The problem with the relationship between risk and reward is that the reward is always a potential reward.
It's not in the here and now, and it's not carved in granite. If it were certain, there would be no risk. That element would be taken out of the equation.
So where does this leave investors? They need a way to figure out what their reward should be so they can invest accordingly. Fortunately, there is a quick and easy way you can get a reading on an investment's potential reward to see if it's in line with the risk you're taking.
The First Step
The first step is to determine the "risk free" return that's currently available in the market. This is an investment you could own that is without risk and that serves as a baseline for your measurement. Many investors use U.S. treasury bonds for this benchmark because they're backed by the full faith and credit of the U.S. government.
If you can earn a risk-free return of 2 percent from treasury bonds, that becomes your baseline. That means any investment with risk must return more than 5 percent to be worthwhile.
The amount the investment returns over 2 percent is known as the risk premium.
Here's an example. If you're looking at a stock with an expected return of 11 percent, the risk premium is 9 percent: 11 percent less 2 percent equals a 9 percent risk premium.
Is It Enough?
Is 9 percent enough of a risk premium for the risk that exists that this particular stock might not achieve the return you expect?
It probably is, at least for a well-established, large-cap stock. But what about a young, small-cap stock? That might not be enough of a risk premium to justify the risk you're taking with the investment.

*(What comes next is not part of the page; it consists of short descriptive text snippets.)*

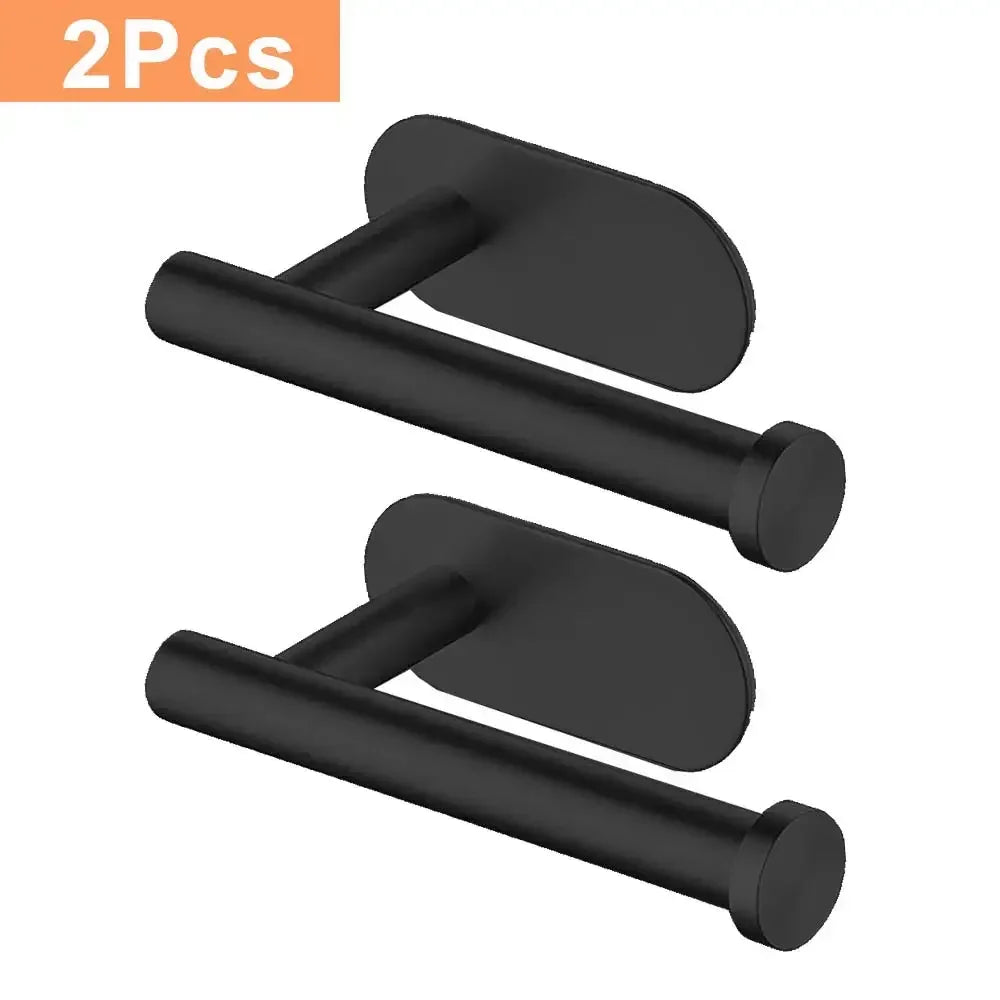 Self Adhesive Toilet Paper Towel Holder Stainless Steel Wall Mount  No Punching Tissue Towel Roll Dispenser for Bathroom Kitchen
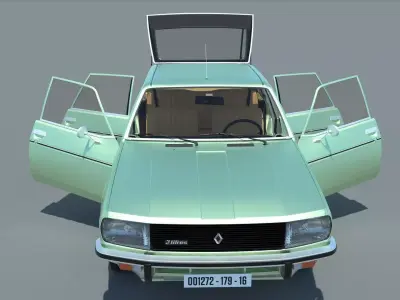 Renault 20 ts 1979 3D model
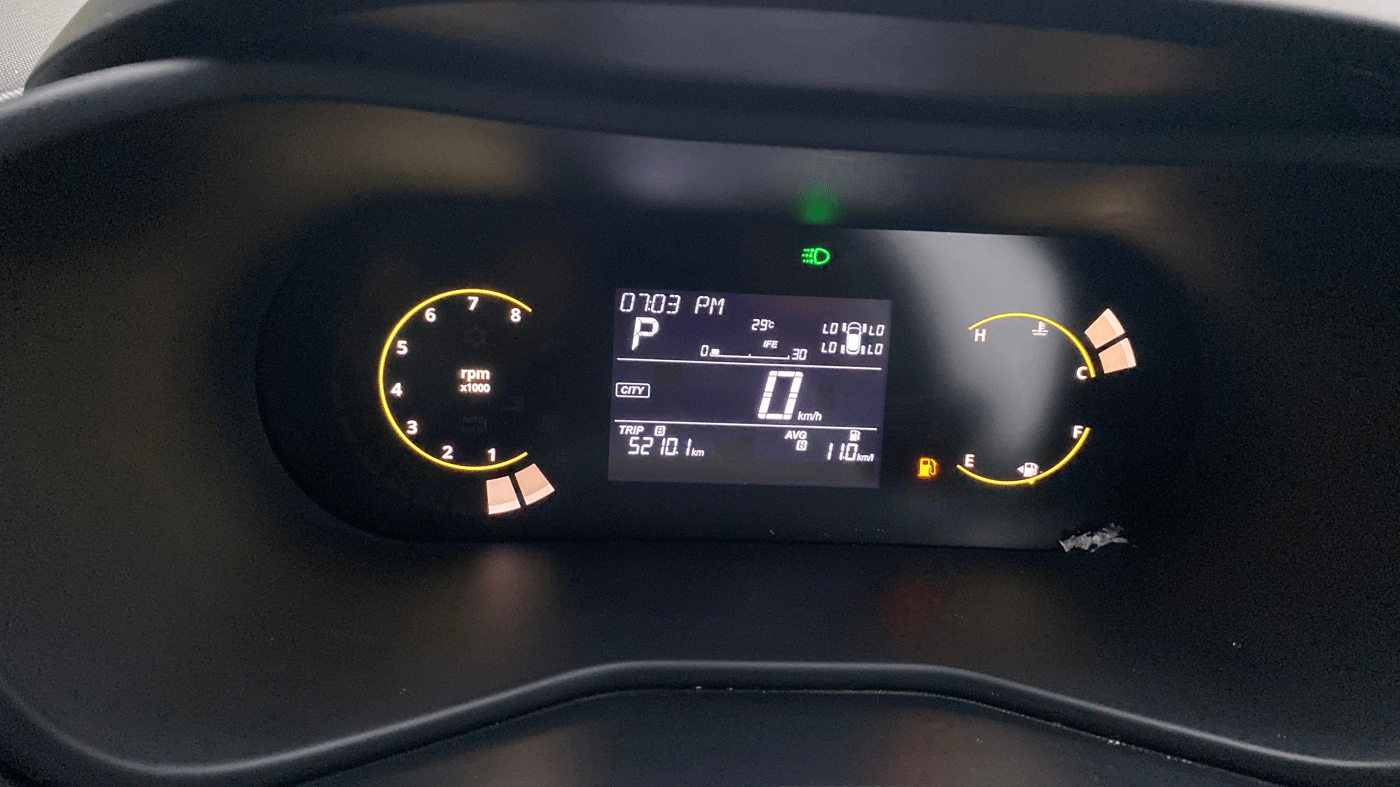 2025 Tata Curvv Pure Plus 1.2 Petrol 7DCA, Petrol, Automatic, 19,533 km, Odometer Image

This simple test is certainly not the only analysis you should do, and there could be other factors involved. The lesson here is that you should always ask yourself if the risk premium for a particular investment makes it worth wagering your money on a particular stock, or any investment for that matter.
And there's also a factor that's not quite quantifiable, at least numerically—your own aversion to or tolerance for risk. A 9 percent risk premium might be more or less than you can comfortably stomach. And if investing were an exact science, we'd all be rich.
Note: Always consult with a financial professional for the most up-to-date information and trends. This article is not investment advice and it is not intended as investment advice.